Police officer and commissioner

This biography, written by Richard S. Hill, was first published in the Dictionary of New Zealand Biography in 1996.

John Cullen was born in Glenfarne, County Leitrim, Ireland, and baptised there on 28 March 1850. He was the son of Mary McNulty and her husband, Patrick Cullen, a farmer. Details of Cullen's life are unknown until he joined the Royal Irish Constabulary in 1869. He married Rachel McGinley on 6 May 1874, at Killygordon, County Donegal; they had at least five sons and three daughters. He resigned his position in March 1876 in order to go to New Zealand. On the passage out on the Camperdown he was appointed a constable to police the passengers.

On 20 July 1876 Cullen joined the New Zealand Armed Constabulary. He was the first person to graduate from the Armed Constabulary depot into the police branch of the unified New Zealand Constabulary Force then being established. In January 1877 he was posted to Blenheim, where he won high praise from his superiors and was promoted to sergeant on 1 July 1878. He quickly established a reputation as a disciplinarian, and survived a number of accusations of overbearing behaviour towards his men and the public. Cullen moved steadily through the three NCO classes, serving in Dunedin, Timaru, Christchurch, Napier (where he was in charge of a sub-district from 1891) and Whanganui. In 1897 he was sent on a special undercover assignment to the prohibitionist King Country, to entrap sly-grog sellers.
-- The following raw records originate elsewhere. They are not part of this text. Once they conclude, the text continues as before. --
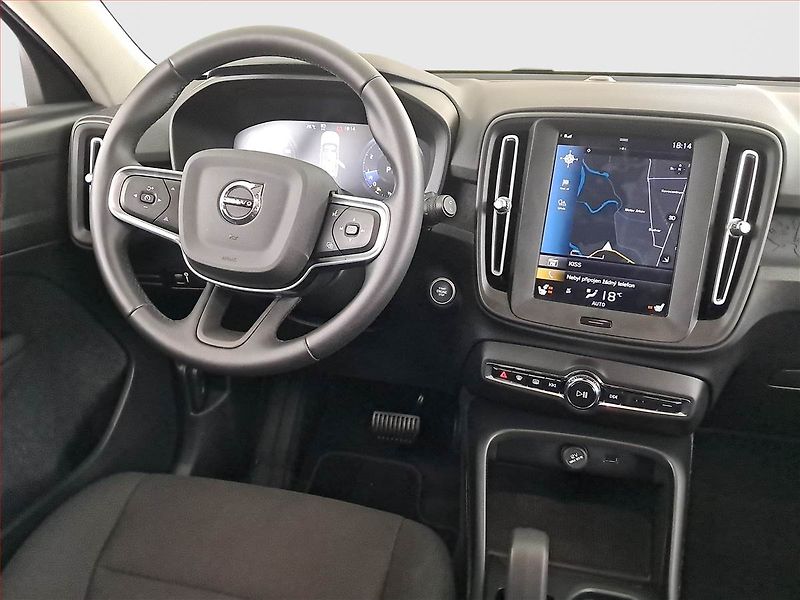 Volvo XC40 (2021) T2 - fotka 7 z 18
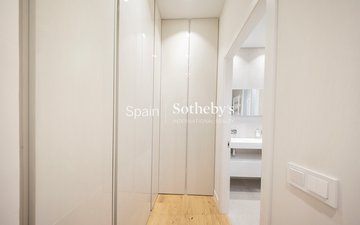 Property slide 39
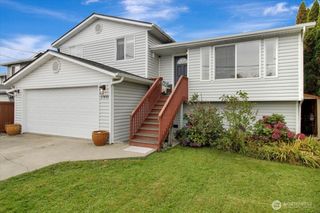 27410 100th Avenue NW, Stanwood, WA 98292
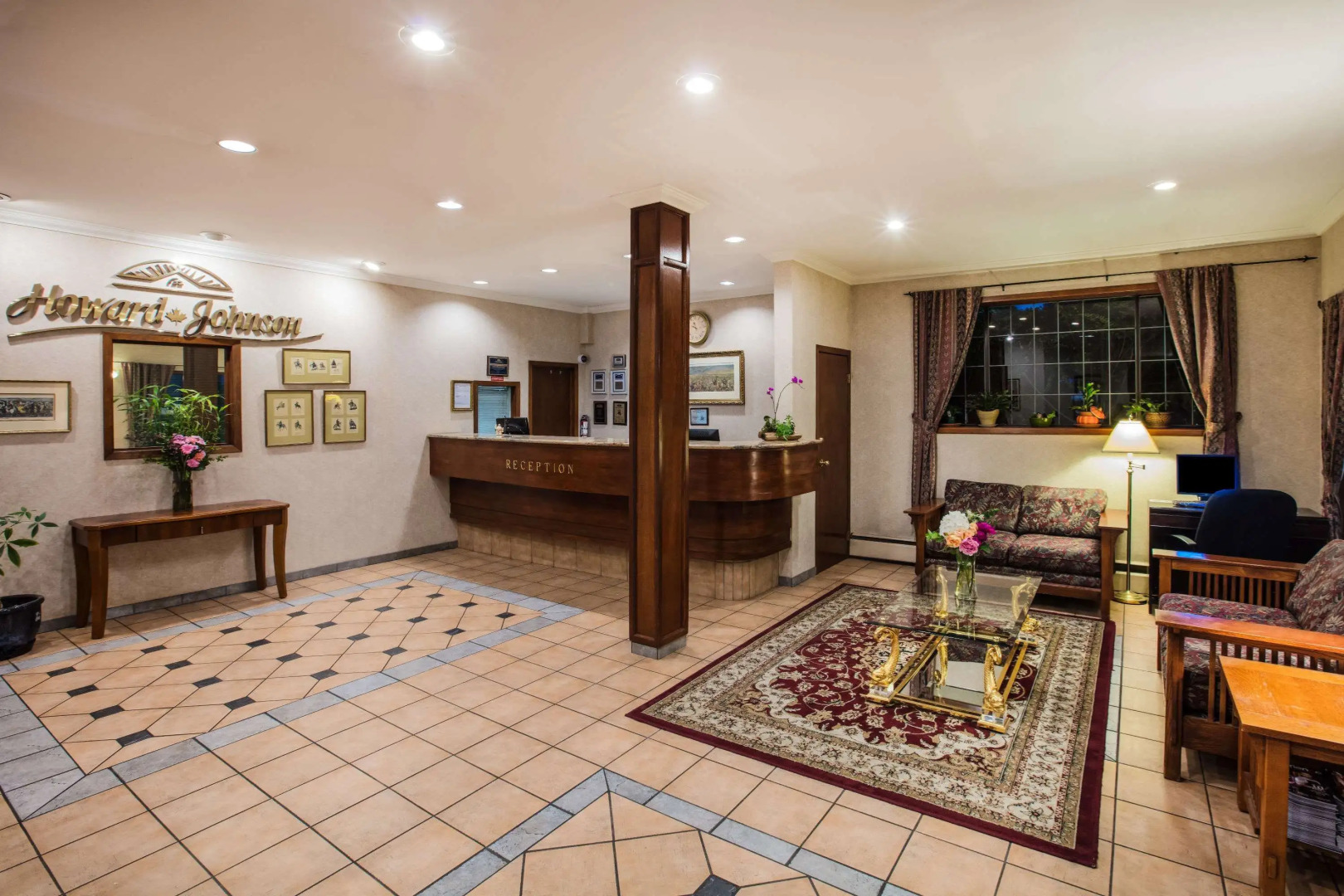 Howard Johnson Hotel - Victoria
He travelled disguised as Mr Berkeley, life insurance agent, securing the convictions of 26 prominent violators of the licensing laws and much praise from authorities harried by temperance campaigners.

On 20 September 1897 Cullen was promoted to the position of inspector, third class, even though he ranked only 12th on the list of first-class sergeants in what had become the New Zealand Police Force in 1886. As the most junior commissioned officer he was posted to Greymouth, in charge of the Nelson and Westland District, but in 1898 was sent to relieve at the most important district covering Auckland, Waikato, the Bay of Islands and other northern areas; he was confirmed in permanent charge in December.

Cullen's disciplinarian style differed markedly from that of the modernising Commissioner J. B. Tunbridge: 'I am naturally a strict man', he acknowledged. But Cullen appreciated Tunbridge's professionalism, and Tunbridge and his successor, Walter Dinnie, needed a tough inspector to clean up 'a state of great disorganization' in Auckland. They were prepared to overlook serious indiscretions, which included open feuds with subordinates and important local public figures, and Cullen's vindictiveness towards the many he had fallen out with. Cullen, who was of imposing presence with penetrating eyes, 'stern-looking and officious', kept tight control over his men through a system of espionage run by his favourites within the Auckland district police and by civilian observers. Many felt that the methods of 'Czar Cullen' went beyond strictness and into the realm of the unscrupulous.

It was no secret that Cullen had aspired to the commissionership on Tunbridge's retirement; he was disappointed again when Dinnie was forced to resign at the end of 1909 following a commission of inquiry. He blamed his failure to gain the position on anti-Catholic influence. Criticism of some of his methods by Stipendiary Magistrate Charles Kettle, and accusations by Dinnie that he allowed personal animus to overcome his better judgement, cannot have helped.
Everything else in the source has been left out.